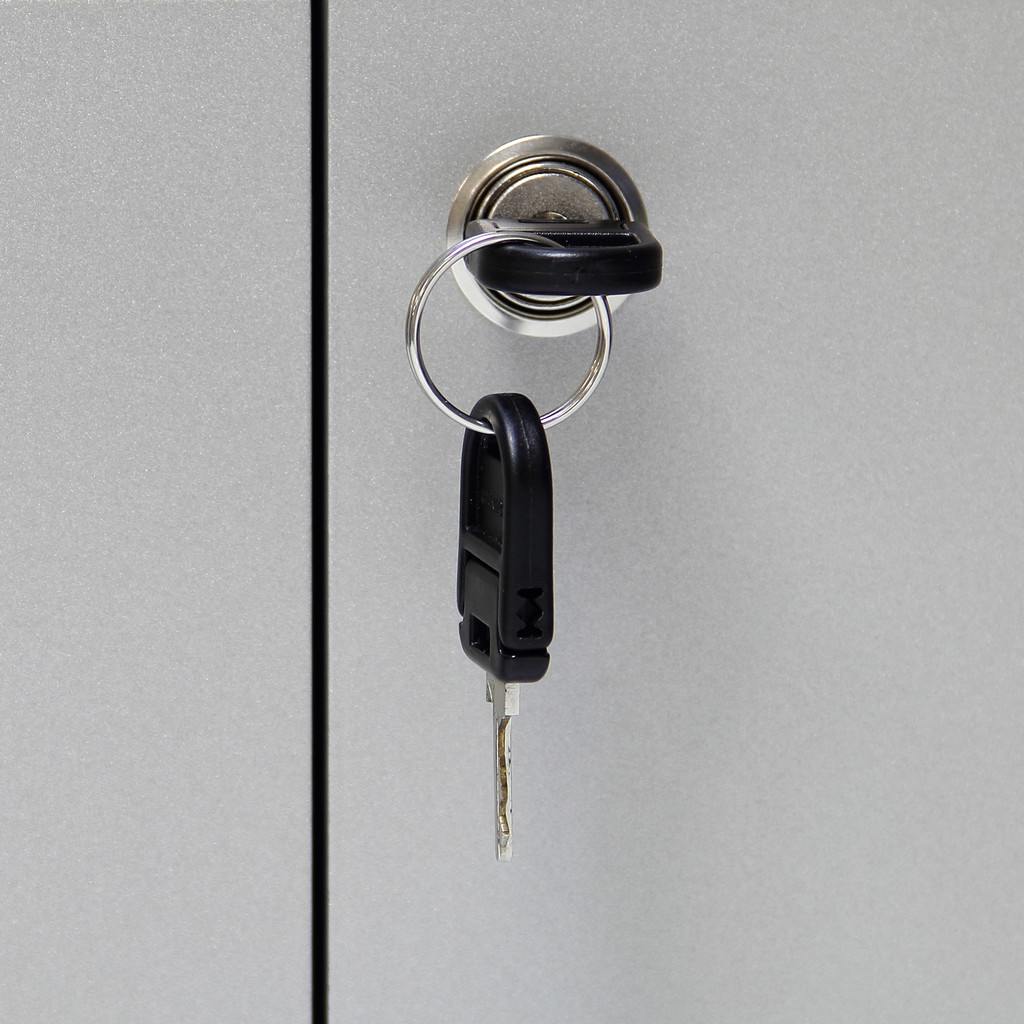 A key in keyhole with locking a cabinet 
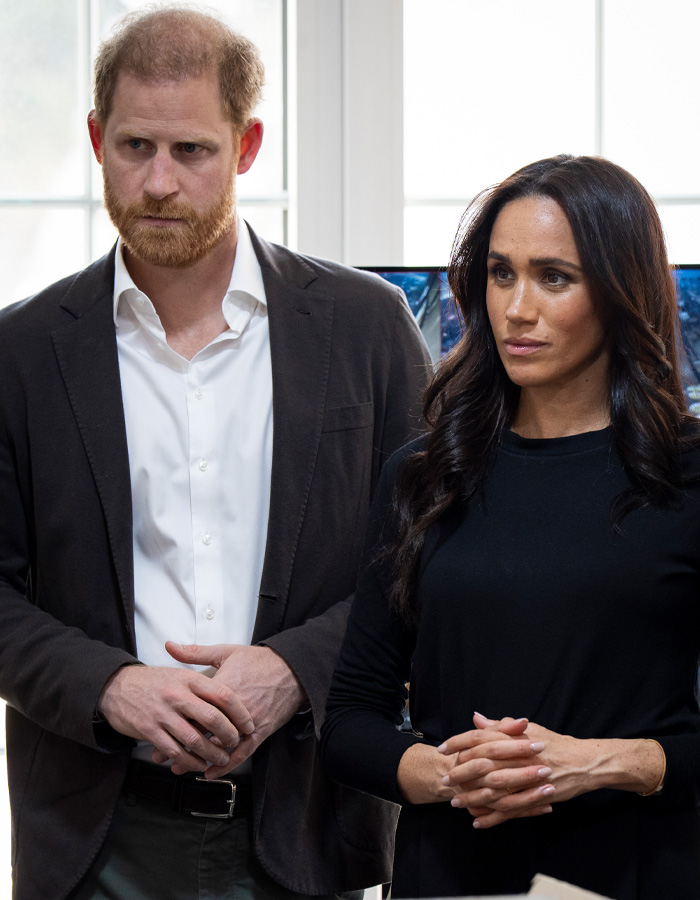 Prince Harry and Meghan standing side by side indoors with serious expressions after bombshell claims emerge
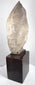 Side view of the Egyptian Revival pharaoh head showing its tall White Crown and hardwood base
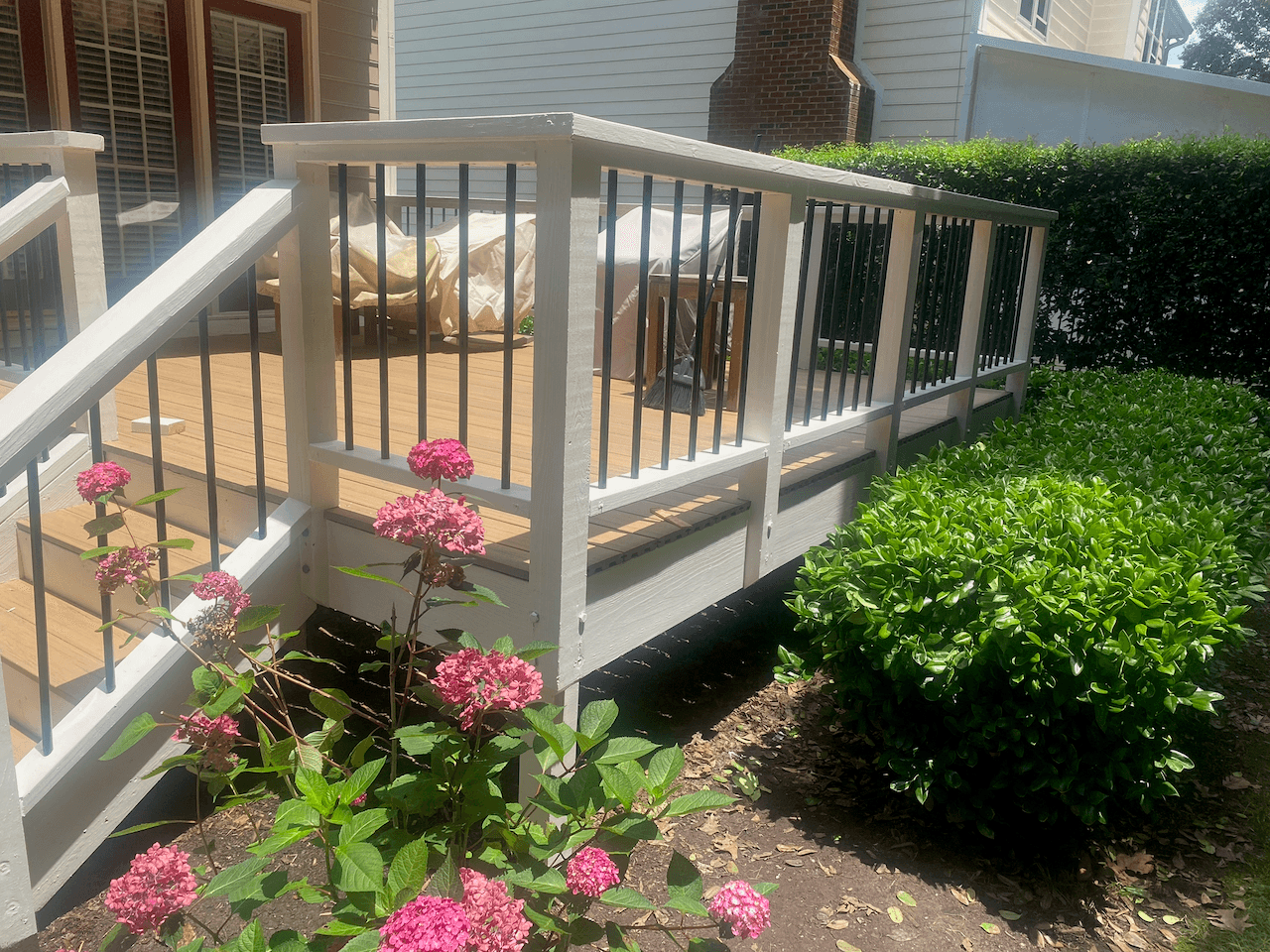 White deck railing with black balusters beside blooming hydrangeas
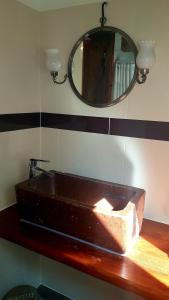 a sink on a counter in a bathroom with a mirror at Chambres d'Hôtes La Stoob Strasbourg Sud in Illkirch-Graffenstaden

....

YOUR TASK — Please reproduce each line of the listing above exactly, skipping pictures.

SOLUTION TO THE PROBLEM —
 A key in keyhole with locking a cabinet 
 Prince Harry and Meghan standing side by side indoors with serious expressions after bombshell claims emerge
 Side view of the Egyptian Revival pharaoh head showing its tall White Crown and hardwood base
 White deck railing with black balusters beside blooming hydrangeas
 a sink on a counter in a bathroom with a mirror at Chambres d'Hôtes La Stoob Strasbourg Sud in Illkirch-Graffenstaden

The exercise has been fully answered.